But in the end knowing is not better. Yesterday we had our "Chemo teaching" session at the oncologist office. Basically they sit you down and list everything you're about to go through. "You're going to lose your hair" is just the beginning. By the time I left the office I was in tears because I was hunched over with brittle bones and no signs of youth or fertility anywhere. My mouth was full of sores and my chest and other cavities were covered in rashes and boils, I was either constipated or diarreah or throwing up all the time. I was lethargic and my heart was palpitating and unstable. My fingertips and toes were numb and tingling, and I couldn't sleep. Oh and I was bald. Knowing is not better. Waiting is better than knowing.
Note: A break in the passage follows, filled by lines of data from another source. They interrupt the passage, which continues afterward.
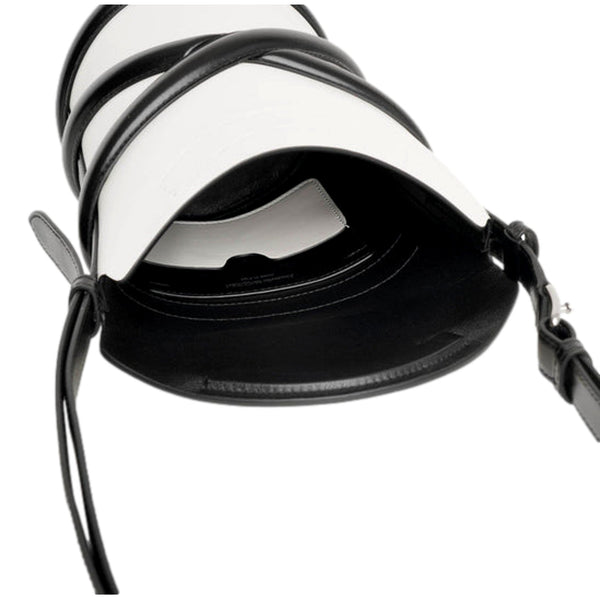Alexander McQueen Curve Soft Ivory Leather Bucket Bag in Ivory with Black Detailing, authentic new handbag, image 4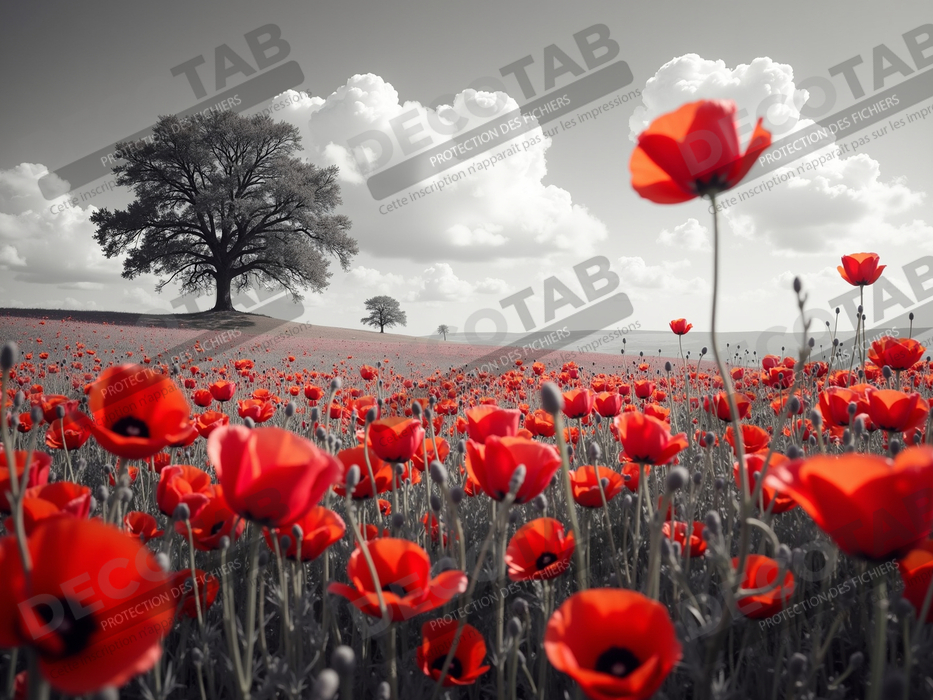 Tableau coquelicots rouges sur fond noir et blanc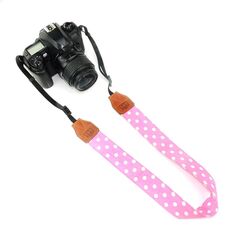 Tracolla a tracolla multicolore SLR Tracolla per fotocamera retrò (rosa rosa)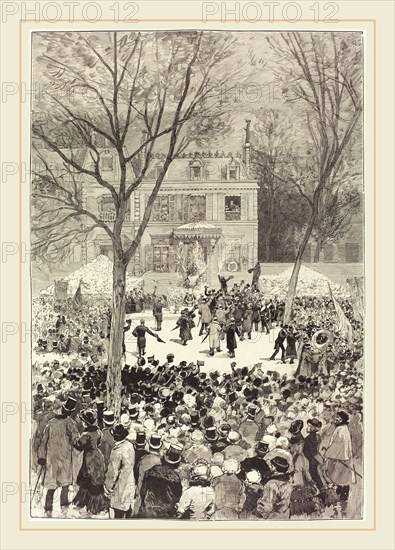 Daniel Vierge (Spanish, 1851-1904), Manifestation populaire du 27 Février pour fÃªter le 80 année de Victor Hugo, 1881, wood engraving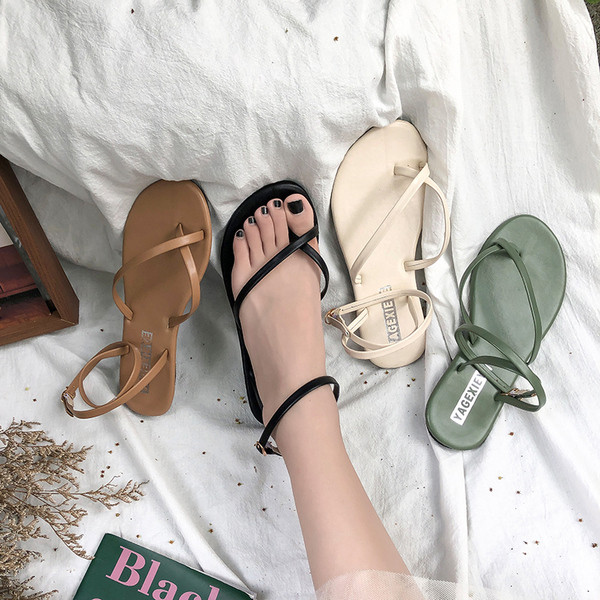 Női alkalmi szandál négy színű eco bőrből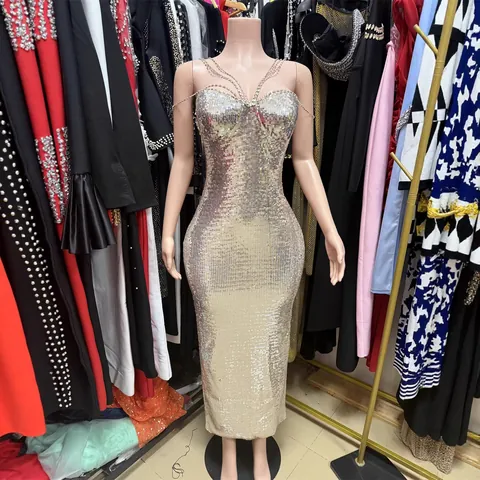 Vestito Lungo Donna Sexy Slim con Paillettes e Doppie Spalline in Strass Abito da Sera Stile Occidentale Festa Formale
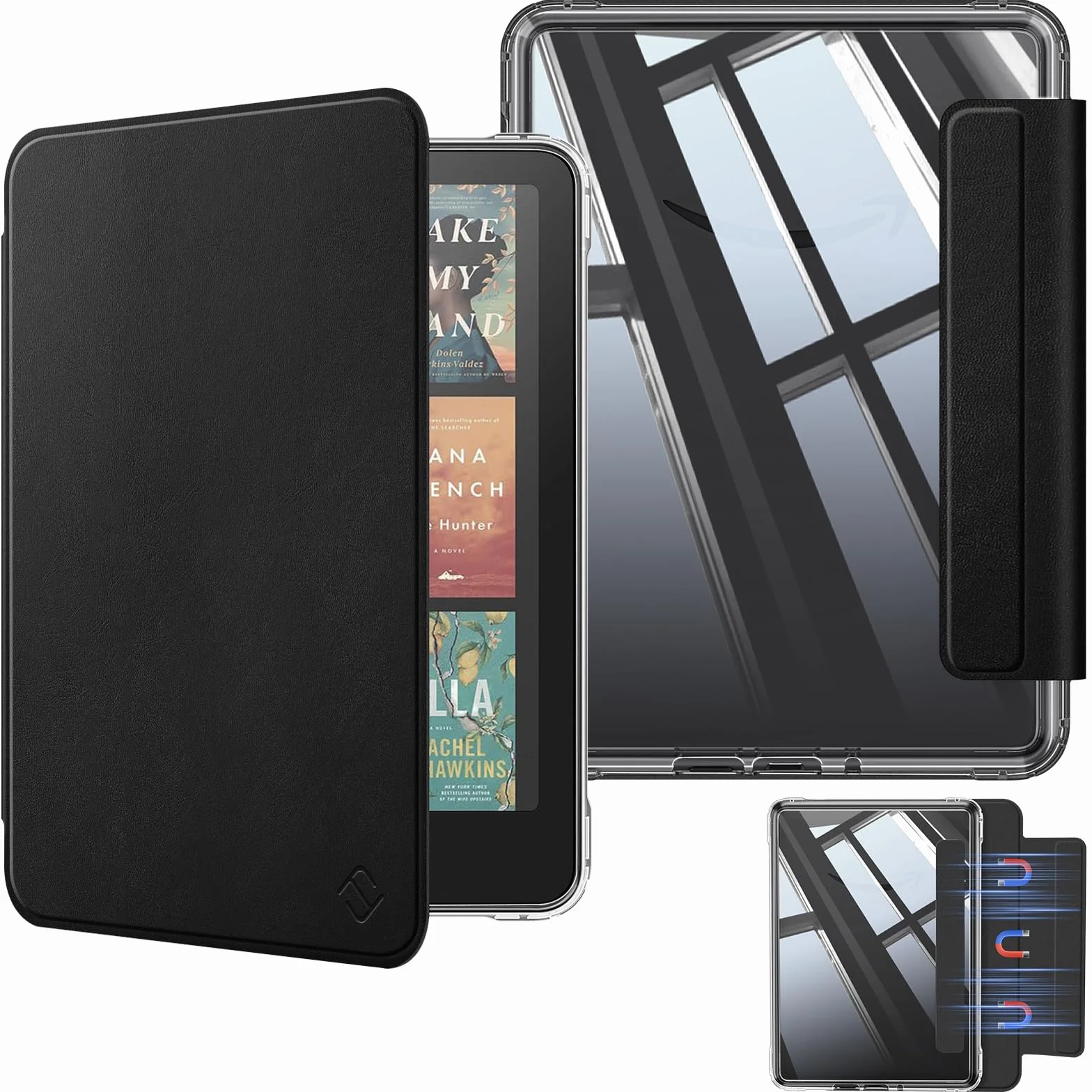 FINTIE Coque Magnétique Détachable pour 7" Kindle Paperwhite (12e Génération, 2024) et Kindle Colorsoft (1re Génération, 2025/2024), Étui Transparent Antichoc avec Bord TPU, Noir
They inserted something called a "port" into my chest to save me feeling pricks every time I go in for treatments and tests. Well. . . they used the port for the first time this week and I was literally screaming in the treatment area while three technicians held my hand and pushed this searing-pain needle into my chest over and over and OVER. "I don't know why it isn't working" they'd say to each other, then they would go get someone else who would start jamming and pushing and poking all over again. Thanks for the port. . . next time I'll just take the stinking IV!
Still, even though horror is horror, something in me has changed and accepted the cancer now. I'm still crying three or four times a day, and certainly every time I talk to a doctor or technician, but something has accepted it in my mind. This is my suffering, my horror, it's my turn. And even though I hate to admit it, somewhere in the back of my mind there is a tiny voice that can be discerned no matter how I try to squelch it. It both terrifies and delights me. It keeps saying "One day you will thank Me for this."
Impossible.
I'm a new mom, Roman Catholic, opera singer, 38 years old, and I have just been told I have everything it takes to be a breast cancer survivor. I just have to survive it first.
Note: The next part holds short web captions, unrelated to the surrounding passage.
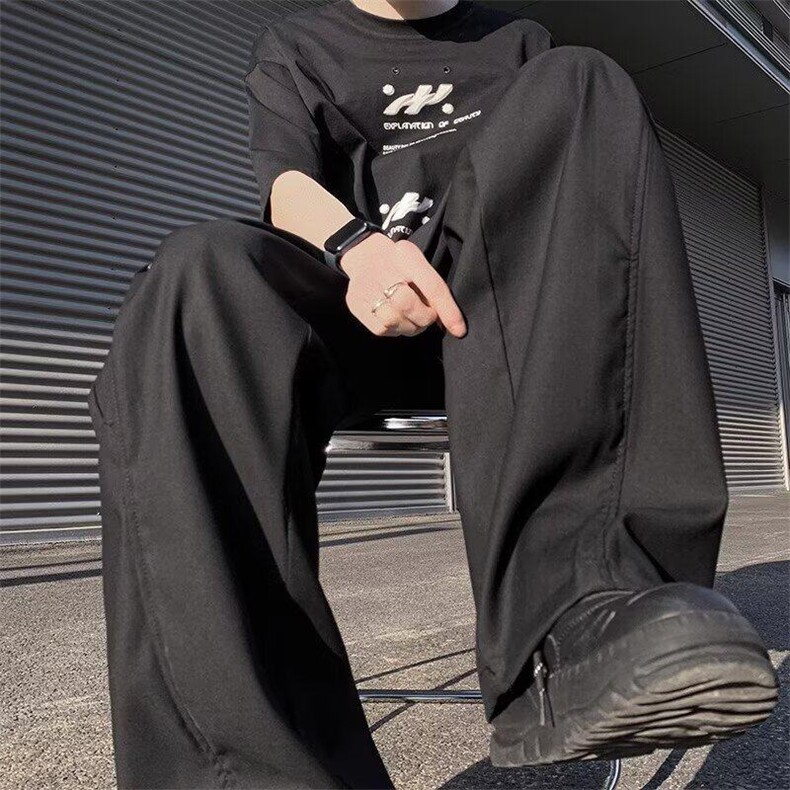 男休闲长裤垂感西裤春秋季百搭直筒宽松拖地阔腿裤KD14,男装休闲裤,星座1116A（原606A-3）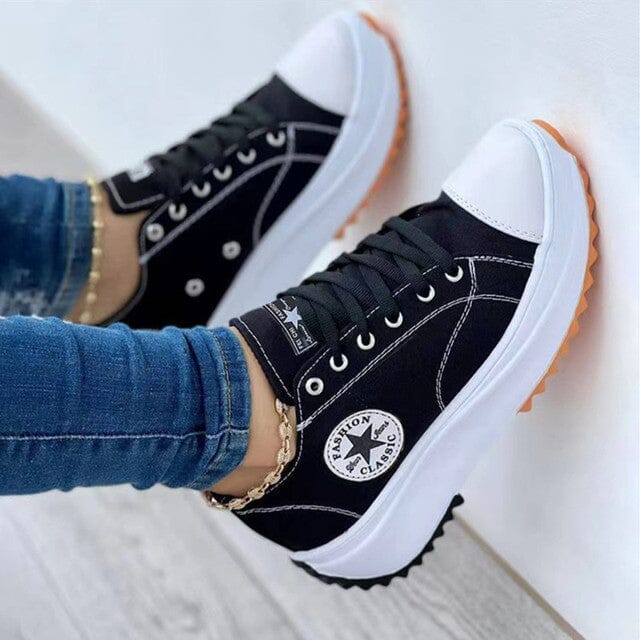 Women's Chunky Sole Sneakers | White Purple Pink-3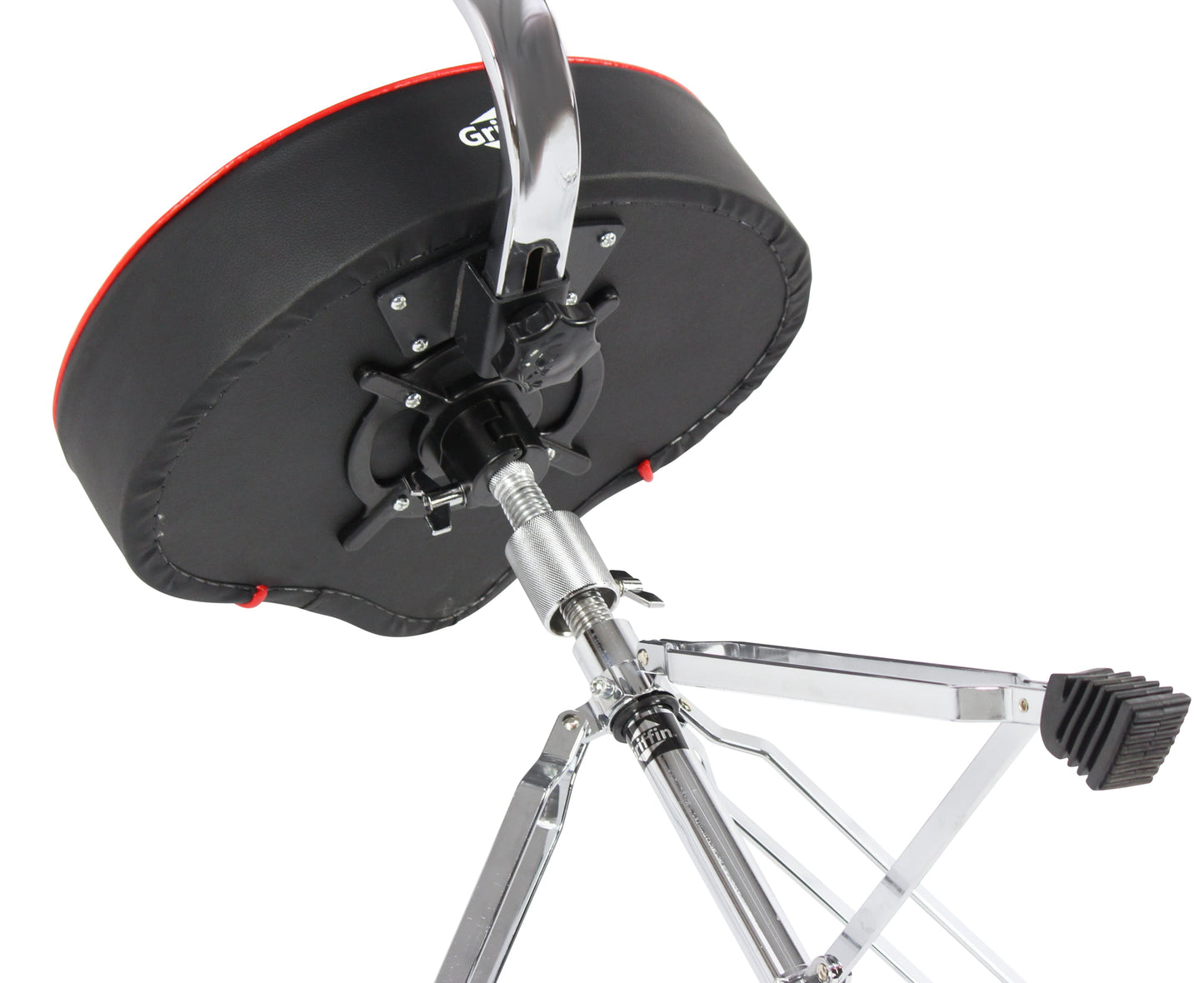 GRIFFIN Drum Throne with Backrest Support | Saddle Style Padded Leather Drummer Motorcycle Biker Seat | Swivel Adjustable Height Music Drum Chair | Musicians Guitar Stool | Percussion Tractor Top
Thursday, January 27, 2011
Sunday, January 23, 2011
Forgetting horror
Occasionally I forget I'm supposed to be terrified. I'll be just enjoying some time with my husband and little girl laughing and having fun like we did before "You have breast cancer" and suddenly I'll get that weird feeling like I'm forgetting something. Then I remember. Oh yeah - I forgot the horror. And in one sickening wave it all comes back to me violently - so much so that I think for a second I think I'm going to throw up.
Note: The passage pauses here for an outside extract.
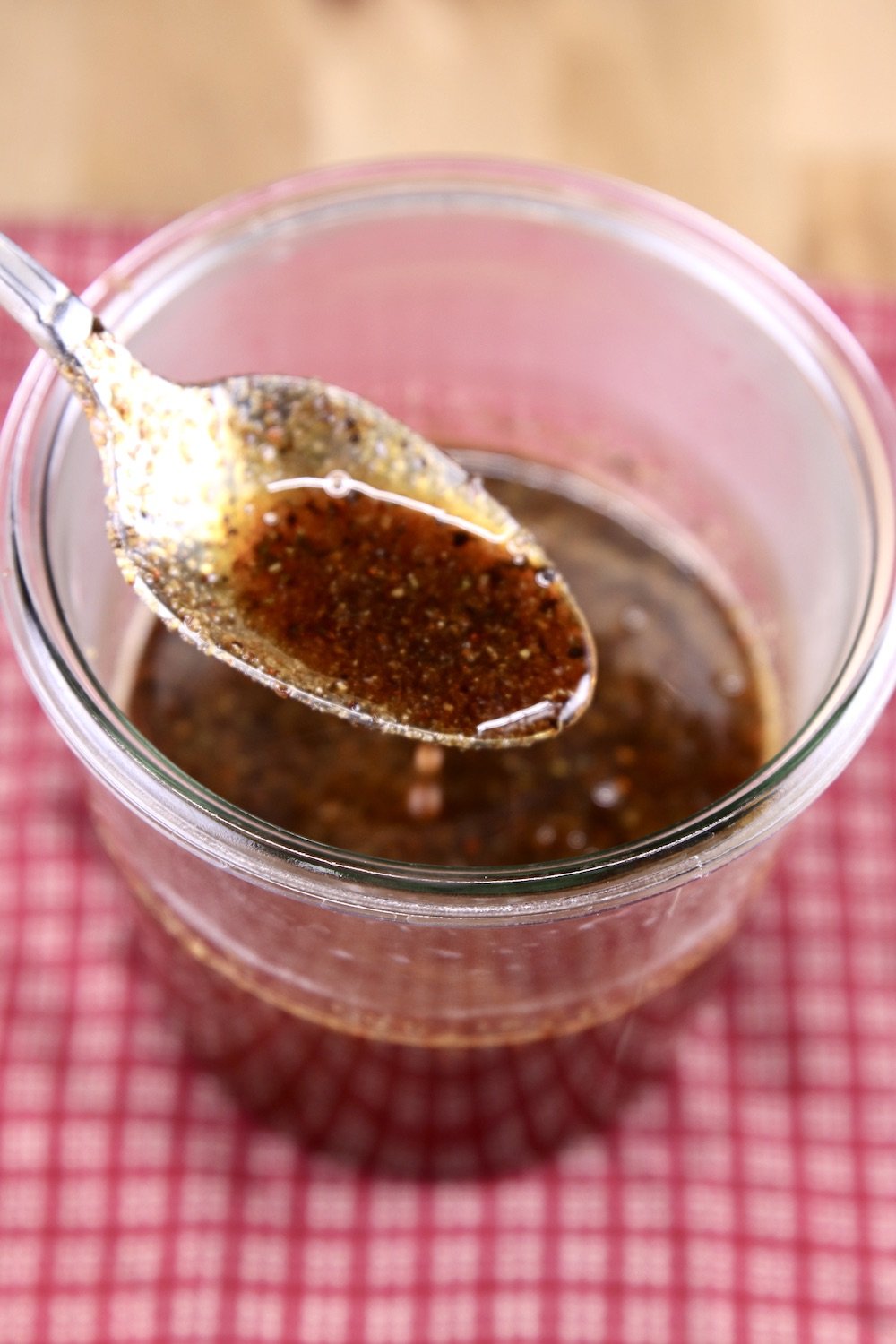 Maple glaze for grilling chicken in a jar, spoon dipping sauce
Got more bad news. I'm not posting it on my Carebridge website. What's the point of depressing everybody further? I know they are trying to help me, but I hate my doctors because none of the can give me a shred of good news or even hope. Every time I talk to one of them the news gets worse. First it was this itty-bitty teeny weeny thing they saw on the mammogram. Then it was breast cancer. Then it was just a tiny 1cm tumor. Then it had spread to the lymph nodes. Now another doctor thinks it has spread throughout both breasts and is not confined to the parameters of a tumor. They don't even tell you what that means. They just say things like "It will strongly affect your surgical options." Which translated into civilian speak means "You're going to need to lob off both of your breasts." At age 38. With a new husband and baby.
I cut my hair. I didn't want my baby to be scared when mommy showed up bald. So I went to a salon and told them to cut it all off. It's about an inch long now all around. I look like a man. I hate it, but it was definitely quicker in the shower this morning. My husband is so sweet. He says I look cute and he likes it. I know he's being sincere. And it's funny I still feel like me. Nothing has changed, except now when I look in the mirror I don't know who that person is. I've spent so many years with long thick black curly hair that I see a stranger looking back at me. I wonder if I will see a monster in a couple months when all the hair has fallen out and the other effects of chemo have set in.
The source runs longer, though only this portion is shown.